All Hallows Eve might be over, but the Halloween season is still going strong. People’s taste for scary thrillers and horror films has resurrected a forgotten action horror from the film wastelands of the early 2010s. Despite being a relatively forgotten horror, Legion (2010), starring Paul Bethany, recently charted on the Netflix top 10, surprising when you consider how it fell by the wayside and is rarely mentioned or discussed. The film was a box-office success despite critics hating it. Thankfully, the fun but shallow apocalyptic tale of angels versus humans has aged moderately well.
Legion is an action horror film directed by Scott Stewart and co-written by Stewart and Peter Schink. The film stars Paul Bettany as the angel Michael, Lucas Black, Tyrese Gibson, Adrianne Palicki, Kate Walsh, Dennis Quaid and Kevin Durand as the angel Gabriel.
The plot sees Michael descend from Heaven to protect humans from the onslaught of Gabriel and legions of angels. God has lost faith in humanity and sends his angels, led by Gabriel, to destroy them. The angel assassins’ main target is an unborn baby carried by Charlie, a waitress at a diner near the Mojave Desert. The child will become mankind’s saviour. Michael was supposed to kill the child but disobeyed God and rebelled, being cast down from Heaven. Michael rallies a motley crew of humans from the diner and helps the humans while protecting Charlie and her child.
When released, the film was derided by critics and had a Rotten Tomatoes score of 20%. One reviewer, Brian Eggert from Deep Focus Review, wrote,
‘Apparently, not even the forces of Heaven can stop a bunch of losers with a trunk full of guns. The action is choppily edited and hard to follow. In between waves of bad guys, the characters spill their hearts out, at the end of which you’ll wish the Apocalypse would just hurry up and get over with already.
None of the characters are believable or more than just a one-dimensional device to propel the plot. Then again, the plot needs to make more sense, and the theological foundation is so poorly described that even devout churchgoers will be scratching their heads.’

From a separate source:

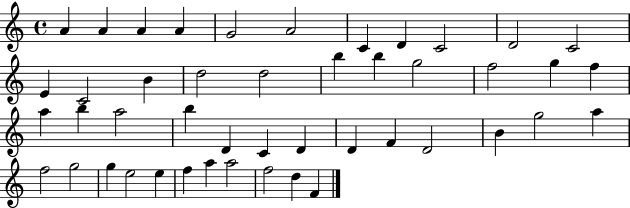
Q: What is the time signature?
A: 4/4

There were many such sentiments from audiences and reviews back in 2010, but not everyone hated the film. Those who enjoyed it looked past the cheap plot and one-dimensional characters and saw the fun that could be had from a freakish action horror film. IMDb user g-bodylis one of them, saying,
‘Legion is actually a pretty good movie. I had low expectations when I got this film on DVD. The trailers also looked somewhat lame. I am a big fan of Paul Bettany. My favourite scene from this movie is the grandma scene. I thought that was hilarious. Overall, this is a great movie.’
Another reviewer, bowmanblue, seems to sum up why many enjoy Legion when he writes,
‘Sometimes you don’t want DeNiro’s excellent acting ability or Christopher Nolan’s tales of head-scratching, mind-bending concepts. You’ll even forfeit decent dialogue and little character development for simple shooting monsters with big guns. And this is what you get right here.’
Paul Bettany did a great job as Michael; many viewers cite his performance as their favourite. Bettany didn’t receive much praise for this role, but as a gun-wielding archangel, he did an excellent job despite the film’s artistic limitations. The dialogue was questionable, and the story was shallow, but Bettany still performed well. Thankfully, he got more recognition when he starred in the Avengers films as Vision.
Legion has its haters, but it’s gaining more fans, as seen by charting on Netflix’s top 10 films. It’s an outlandish biblical horror with freaky visuals and fun action scenes. You can turn your thoughts off and let the absurd plot entertain you. Sometimes, that’s all you need from a film.